Знакомство Александра с завлитом Московского театра им. М. Н. Ермоловой Еленой Леонидовной Якушкиной за считаные месяцы перешло в дружбу. Этому способствовали, конечно, особенности их характеров. Трогательная почтительность и сердечная благодарность за понимание, которые испытывал Вампилов, сошлись с чутким вниманием к таланту и врожденной интеллигентностью, отличавшими Якушкину. Елена Леонидовна с первых дней их общения приняла близко к сердцу успехи, неудачи и тревоги «своего приемного сына». Это бросалось в глаза друзьям Александра.
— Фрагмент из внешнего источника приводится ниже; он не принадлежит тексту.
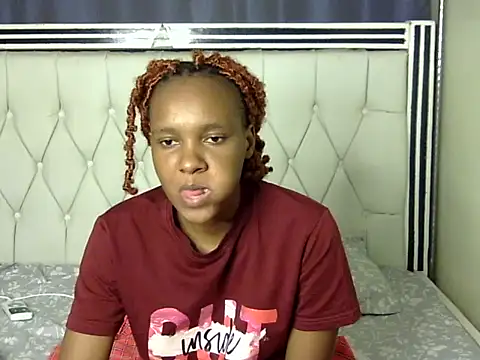 Snapshot of Jay_Vee chatting on February 8, 6:44 pm Jay Vee online show from February 8, 6:44 pm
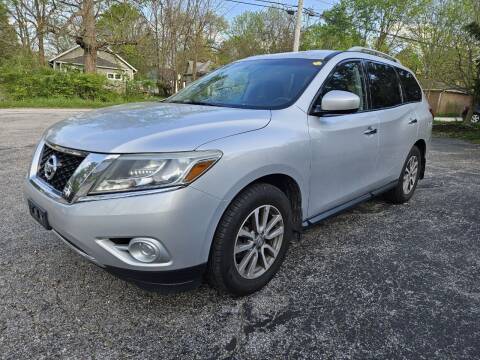 2014 Nissan Pathfinder for sale at Wheels Auto Sales in Bloomington IN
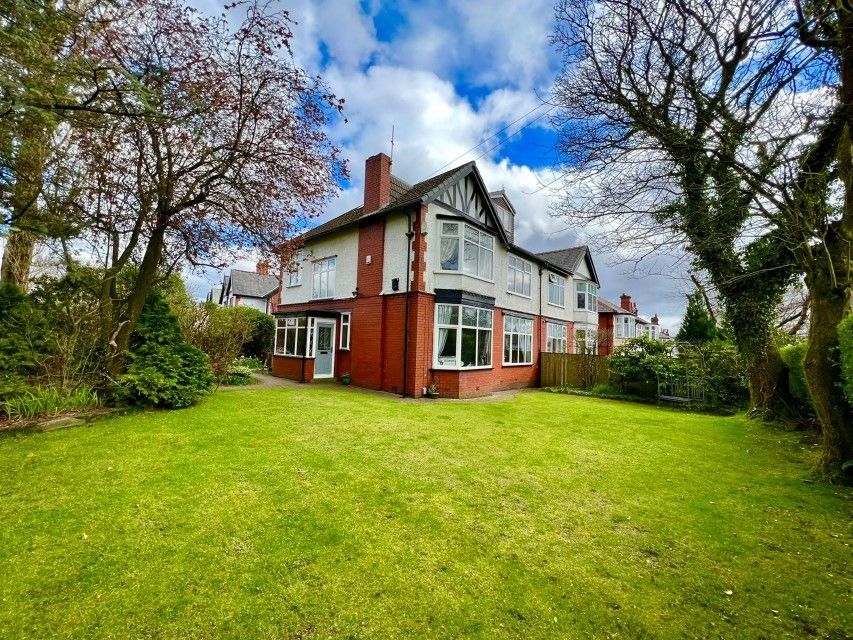 Property photo 1 of 30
В. Шугаев тепло вспоминал о Якушкиной как вампиловском «ангеле-хранителе», «чей живой и насмешливый ум, чья сердечность, чье знание московской театральной жизни, не только, так сказать, ее восьмой, надводной части, но и остальной, подводной, таинственно-громадной, так помогли Сане впоследствии». Г. Машкин писал, что в ермоловский театр молодые иркутские писатели «были вхожи на правах своих». Елена Леонидовна, «черноокая дама с французским произношением, привлекательная в своем преклонном возрасте и гениально-рассеянная, помогала нам, авторам-землякам, как могла».
Тогда, в январе, Саша оставил Якушкиной первый вариант пьесы «Прощание в июне». Ему хотелось, чтобы Елена Леонидовна показала эту комедию руководителям театра, в первую очередь, конечно, его главному режиссеру В. Комиссаржевскому. Уже в конце мая 1965 года Вампилов пишет из Иркутска:
«Уважаемая Елена Леонидовна! Ваш “приемный сын”, черемховский подкидыш[22], подает голос из города Иркутска. Пишу наудачу, не знаю, в Москве ли Вы. Заканчивая свой, надеюсь, последний вариант[23], хочу узнать, прислать ли его Вам (если прислать, то куда?), как мои дела в Вашем театре. Все еще, за пять тыщ километров, чувствую себя под Вашим крылом, и это мне помогает. Да, да. Вторую картину[24] я привел в порядок, хочу, чтобы Вы были мной довольны. Вы увидите, под Вашим крылом вырастает драмодел — честь по чести.
Если у Вас выберется минутка, напишите мне пару строк. В Москву, если не понадобится летом, я не приеду. Приеду осенью, к началу сезона. У нас облепиховое лето, жара и тишина. Закончу работу, уеду на некоторое время на Байкал, прожигать остатки молодости.
Засим желаю Вам здоровья. Ваш Вампилов».
Осенью 1965 года в Читу съехались молодые авторы из республик, краев и областей Сибири и Дальнего Востока. Иркутский поэт М. Сергеев, руководивший тогда областной писательской организацией, рассказывал позже, как родилась мысль собрать их на творческий семинар. Поначалу Сергеев и его читинский коллега решили провести совместно учебу литературных «новобранцев» только своих областей. Писатели этих двух регионов имели одно издательство, часто затевали общие творческие акции. Когда «закоперщики» по правилам того времени обратились за поддержкой в Союз писателей РСФСР и ЦК комсомола, там не только одобрили предложение, но и придали ему больший размах: решено было собрать молодых талантливых авторов, живущих на территории от Красноярска до Южно-Сахалинска и Владивостока.